Nili and I sat in the dark until we heard him settle into his tent. Then we curled up under the blankets, leeching each other’s body warmth. Dead air stirred the leaves outside. Dead water stagnated in the dirt below us.
“Isu wants me to marry Fendul,” I said.
“Nei!” Nili burst into giggles. “You couldn’t possibly!”
I stuffed a blanket into my mouth to muffle my laughter. “She told me this summer. Pretty sure she was afraid I’d run away with ‘that skinny itheran goatherd.’”
“But Behadul can’t stand you! Fendul would never marry without the okorebai’s approval.”
“Not to mention, ew.”
“Well . . . he’s kinda lush, if you’re into uptight, hare-nerved—”
“Shut up shut up!” I kicked her leg. “If you tell Fen, I’ll tell him you snuck off from the autumn equinox ceremony last year to tap Orelein in the woodcarving workshop.”
“You wouldn’t.” Nili sounded horrified.
“I swear on the aeldu I would. Then neither of us could look Fendul in the eye.”
“You’ll have to tap him with your eyes closed.” She erupted with laughter as I jammed my elbow into her ribs. “Just imagine it. Your husband would be Okorebai-Rin one day. What would you do?”

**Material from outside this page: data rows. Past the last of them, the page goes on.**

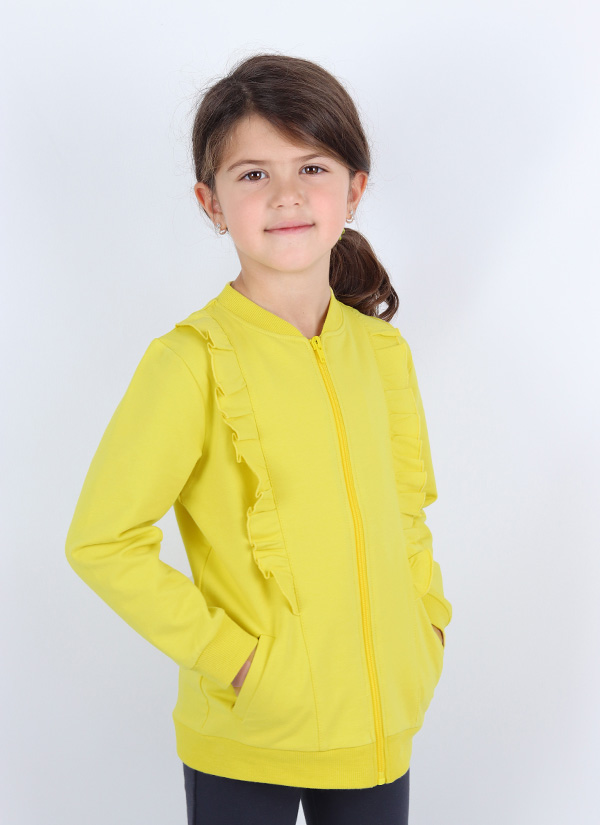 Суитшърт с къдри е класически модел с два странични джоба, закопчаване с цип и къдри от рамото до джоба в цвят патешко жълт, снимка с модел, Момичета 2 - 5 години, Zinc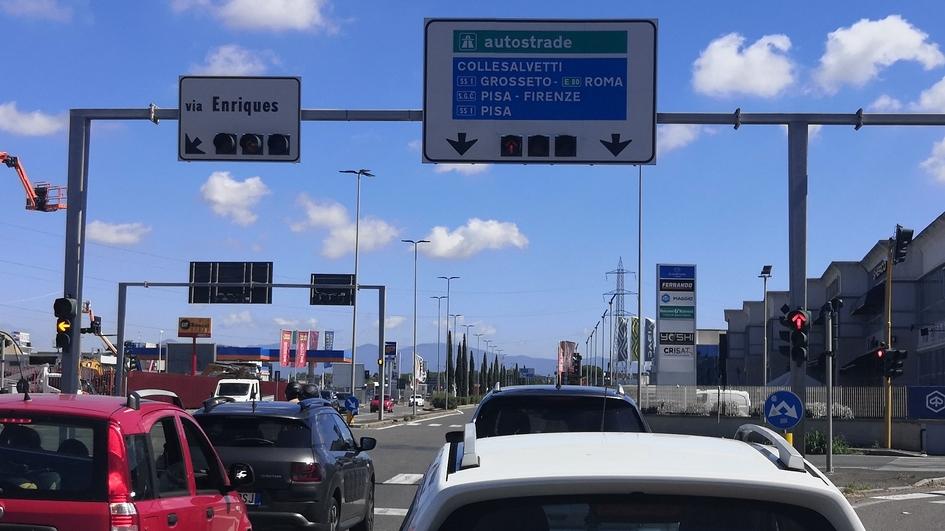 Caos strade a Livorno: i semafori dell’Aurelia e quell’onda verde che secondo Aci è utopia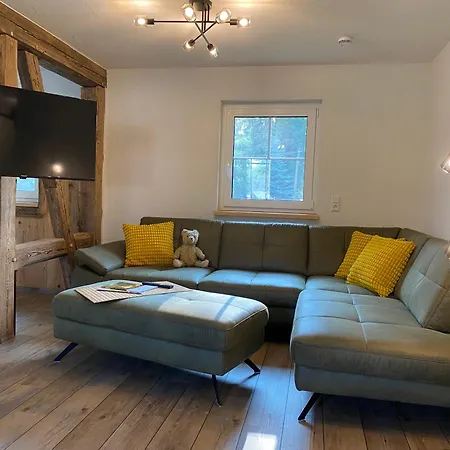 Haus Stenzinger بيت ضيافة *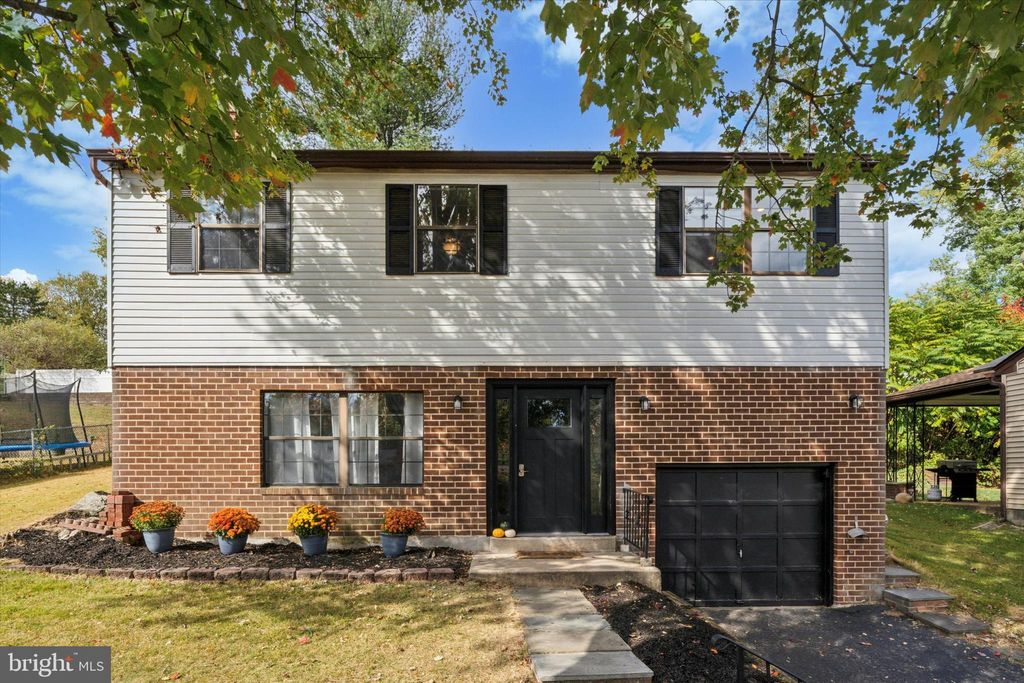 Photo of 334 Francis Drive, HAVERTOWN, PA 19083 (MLS # PADE2102710)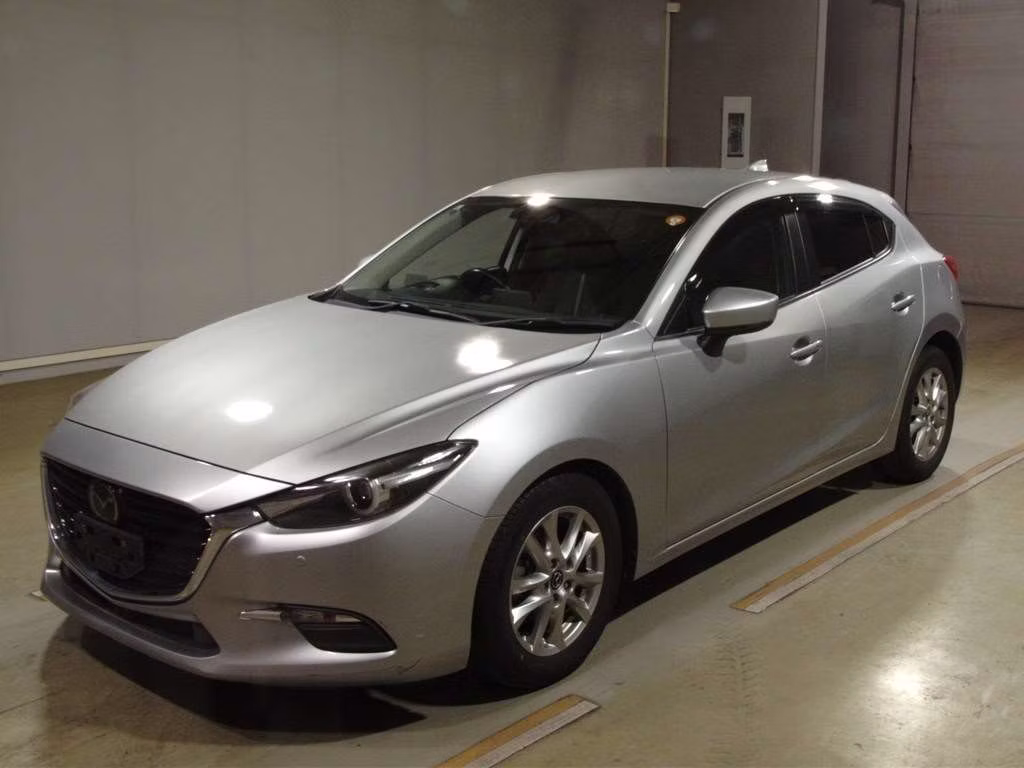MAZDA AXELA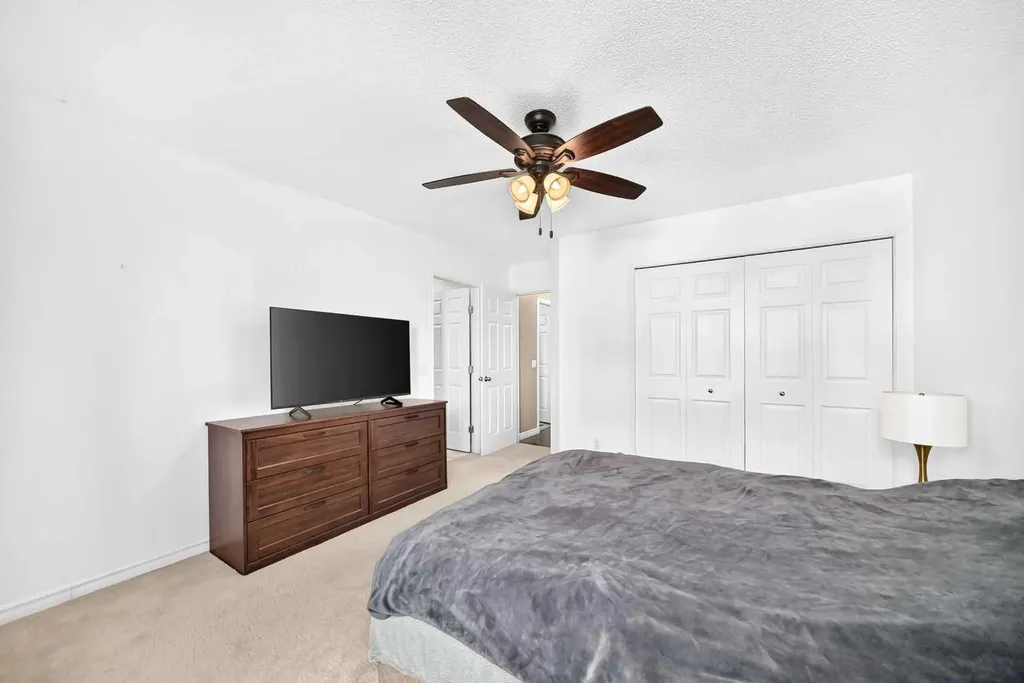 47 Harvest Glen Rise NE Calgary AB T3K4C1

“I wouldn’t be an aeldu-cursed coward like Fendul. I’d make sure the elders listened to me. Why, what would you do?”
“I’d let myself visit the Iyo so I could marry someone else.”
I snorted. “Yeah, good luck with that.”
•
The year Dunehein married into the Iyo, he promised he’d come back to visit, but the next summer he fell ill and couldn’t travel. The summer after that was the Storm Year. No Iyo came north and we didn’t dare travel south. We couldn’t even tell Dunehein his older brother had died in battle. I waited, year after year. The Iyo never came. An alliance that had lasted thousands of years fell silent.